Hello everyone!
Due to a recent major power outage in my area I now have an unresponsive self hosted host
in an environment of 3 self hosted hosts. There's one vm stuck on there as well as
some metadata I guess from when hosted engine was running there (before the power went
down).
I'm running 4.3.10 ovirt node with 3 nodes and GlusterFS, no arbiter, and I'm
using it to provide services to our clients i.e. DNS, web sites, wikis, ticketing etc. and
I cannot shut them down.
The ovirt engine is up and running and I can manage all the other VMs that run on the
other hosts through the web gui.
The unresponsive host replies only to ICMP requests; in every other sense it's dead,
no ssh, no gluster bricks, no console, nothing.
I tried to place the faulty host in maintenance, using the option to stop glusterd, but
wasn't able to as the engine won't let the host go into maintenance mode because
it thinks the host has running VMs on it. The host won't go into maintenance even if I
chose the "Ignore gluster quorum and self-heal validations" option.

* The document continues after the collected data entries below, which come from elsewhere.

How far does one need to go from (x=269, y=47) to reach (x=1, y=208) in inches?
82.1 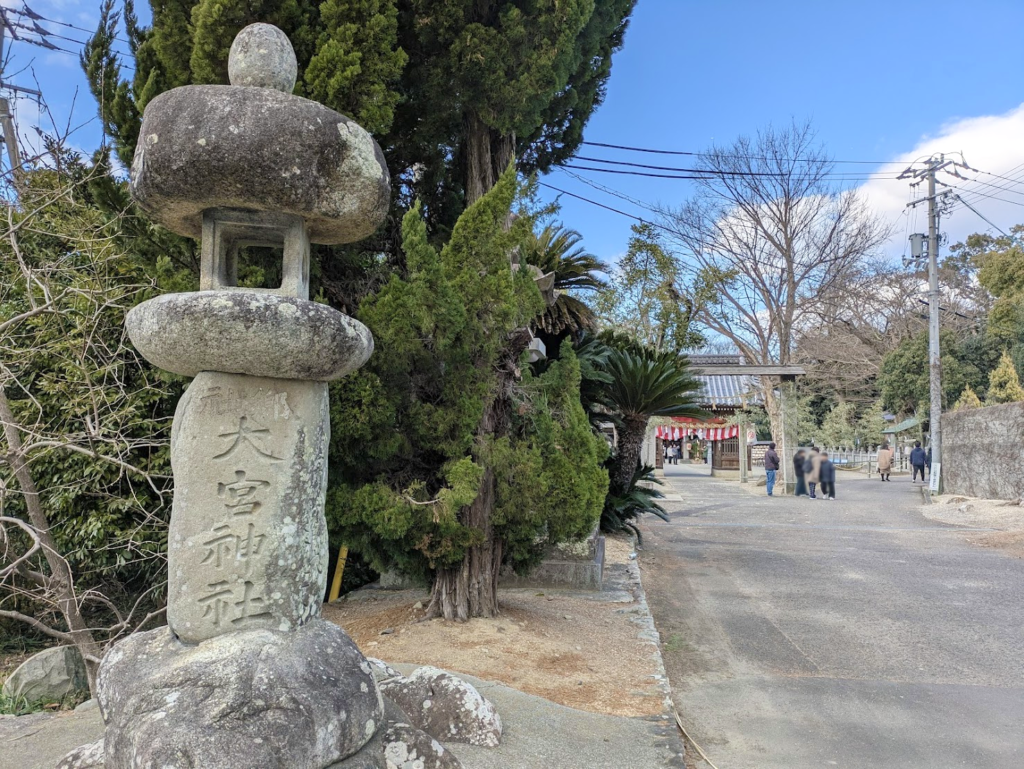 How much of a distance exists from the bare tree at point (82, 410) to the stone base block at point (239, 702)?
9.89 feet

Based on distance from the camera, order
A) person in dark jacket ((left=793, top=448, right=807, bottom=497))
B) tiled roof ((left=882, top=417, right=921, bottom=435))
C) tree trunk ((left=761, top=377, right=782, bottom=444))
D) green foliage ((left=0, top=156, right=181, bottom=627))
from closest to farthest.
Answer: green foliage ((left=0, top=156, right=181, bottom=627)), person in dark jacket ((left=793, top=448, right=807, bottom=497)), tree trunk ((left=761, top=377, right=782, bottom=444)), tiled roof ((left=882, top=417, right=921, bottom=435))

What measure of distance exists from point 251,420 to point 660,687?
3241 millimetres

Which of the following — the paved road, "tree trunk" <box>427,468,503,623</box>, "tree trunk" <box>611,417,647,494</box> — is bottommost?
the paved road

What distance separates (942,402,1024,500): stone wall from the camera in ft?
46.8

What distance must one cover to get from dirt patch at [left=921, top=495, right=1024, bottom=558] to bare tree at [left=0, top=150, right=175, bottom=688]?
11.1 meters

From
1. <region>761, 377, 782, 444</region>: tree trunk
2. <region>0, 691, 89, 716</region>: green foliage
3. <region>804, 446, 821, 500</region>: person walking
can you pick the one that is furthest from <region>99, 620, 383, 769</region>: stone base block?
<region>761, 377, 782, 444</region>: tree trunk

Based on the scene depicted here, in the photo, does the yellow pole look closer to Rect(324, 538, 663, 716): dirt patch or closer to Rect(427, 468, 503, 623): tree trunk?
Rect(324, 538, 663, 716): dirt patch

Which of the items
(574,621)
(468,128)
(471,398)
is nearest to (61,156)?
(468,128)

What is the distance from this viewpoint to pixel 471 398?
5109 mm

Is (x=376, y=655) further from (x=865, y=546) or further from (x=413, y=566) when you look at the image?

I spent last week creating a backup environment were I copied the VMs, to have somewhere
to run them in case something goes terribly wrong with the systems or the gluster in the
production system.
I'm thinking of using the global maintenance mode and then shutting down the engine
itself with *hosted-engine --vm-shutdown* and rebooting the affected host.
Should I remove the host from the cluster and then re-add it or should I do something
else?
Thanks for any of your help!